Ein weiterer Fußabdruck besteht aus einem einzigen Abdruck, der noch immer existiert, obwohl er sich als noch umstrittener erwiesen hat. Er wurde in Gesteinen der Puget-Gruppe aus dem späten Eozän im Green-River-Tal bei Black Diamond, Washington, gefunden. Nach seiner Entdeckung erregte er im Mai-Juli 1992 in der Gegend von Seattle großes Interesse und war Gegenstand von mindestens zwei längeren Artikeln in der Seattle Times. Dieser scheinbare Abdruck eines einzelnen Vogelfußes, der entweder als Fälschung oder als echt deklariert wurde, ist etwa 27 cm breit und 32 cm lang und hat keinen Hallux (Hinterzeh); er wurde als Ichnotaxon Ornithoformipes controversus beschrieben. Vierzehn Jahre nach der ersten Entdeckung war die Debatte über die Echtheit des Fundes noch immer ungelöst. Das Exemplar befindet sich heute an der Western Washington University.
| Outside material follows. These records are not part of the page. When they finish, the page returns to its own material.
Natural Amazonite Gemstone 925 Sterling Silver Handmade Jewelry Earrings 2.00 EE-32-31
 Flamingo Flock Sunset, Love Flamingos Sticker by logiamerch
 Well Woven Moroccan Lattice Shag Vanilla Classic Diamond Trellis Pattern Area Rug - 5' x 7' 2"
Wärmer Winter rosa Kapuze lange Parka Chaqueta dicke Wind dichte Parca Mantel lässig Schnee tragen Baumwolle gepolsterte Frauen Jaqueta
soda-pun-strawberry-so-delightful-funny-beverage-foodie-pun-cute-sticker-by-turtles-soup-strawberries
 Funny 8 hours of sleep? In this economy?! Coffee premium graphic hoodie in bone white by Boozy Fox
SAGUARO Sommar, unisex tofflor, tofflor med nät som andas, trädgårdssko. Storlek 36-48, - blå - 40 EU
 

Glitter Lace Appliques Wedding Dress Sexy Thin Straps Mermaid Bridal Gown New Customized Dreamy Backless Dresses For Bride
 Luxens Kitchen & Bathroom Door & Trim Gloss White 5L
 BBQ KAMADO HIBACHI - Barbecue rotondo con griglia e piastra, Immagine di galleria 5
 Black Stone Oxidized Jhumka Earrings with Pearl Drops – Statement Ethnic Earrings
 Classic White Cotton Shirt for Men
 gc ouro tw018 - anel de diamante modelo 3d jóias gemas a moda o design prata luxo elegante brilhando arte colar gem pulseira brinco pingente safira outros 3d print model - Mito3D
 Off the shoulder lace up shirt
Vermeintliche Gastornis-Federn, die sich als Pflanzenmaterial entpuppten

Das Problem mit diesen frühen Spurenfossilien ist, dass kein Fossil von Gastornis gefunden wurde, das jünger als etwa 45 Millionen Jahre ist. Der rätselhafte „Diatryma“ cotei ist aus Überresten bekannt, die fast so alt sind wie die Fußabdrücke aus dem Pariser Becken (deren Datum nie genau bestimmt werden konnte), aber in Nordamerika scheint der Fossilnachweis von eindeutigen Gastornithiden noch früher zu enden als in Europa. Im Jahr 2009 wurden jedoch bei einem Erdrutsch in der Nähe von Bellingham, Washington, mindestens 18 Spuren auf 15 Blöcken in der eozänen Chuckanut-Formation freigelegt. Die Anatomie und das Alter (ca. 53,7 Mio. Jahre) der Fährten lassen vermuten, dass der Fährtenleger ein Gastornis war. Obwohl diese Vögel lange Zeit als Raubtiere oder Aasfresser angesehen wurden, unterstützt das Fehlen von raubvogelähnlichen Krallen frühere Vermutungen, dass sie Pflanzenfresser waren. Die Chuckanut-Fährten werden als Ichnotaxon Rivavipes giantess bezeichnet, die der ausgestorbenen Familie Gastornithidae angehören. Mindestens 10 der Spuren sind an der Western Washington University ausgestellt.

Federn

Zeichnung einer wahrscheinlichen Gastornis-Feder aus der Green River Formation. Von Darren Naish

Das Gefieder von Gastornis wurde in der Kunst im Allgemeinen als haarähnlicher Überzug dargestellt, ähnlich wie bei einigen Laufvögeln. Dies stützt sich zum Teil auf einige faserige Stränge, die aus einer Lagerstätte der Green River Formation in Roan Creek, Colorado, geborgen wurden und von denen man zunächst annahm, dass sie Gastornis-Federn darstellen und die den Namen Diatryma filifera erhielten. Spätere Untersuchungen ergaben, dass es sich bei den vermeintlichen Federn gar nicht um Federn, sondern um Pflanzenfasern handelte.

Inzwischen wurde jedoch eine zweite mögliche Gastornis-Feder identifiziert, ebenfalls aus der Green River Formation. Im Gegensatz zu dem fadenförmigen Pflanzenmaterial ähnelt diese einzelne isolierte Feder den Körperfedern von fliegenden Vögeln, da sie breit und geschwungen ist. Sie wurde aufgrund ihrer Größe vorläufig als mögliche Gastornis-Feder identifiziert; die Feder war 240 mm lang und muss zu einem riesigen Vogel gehört haben.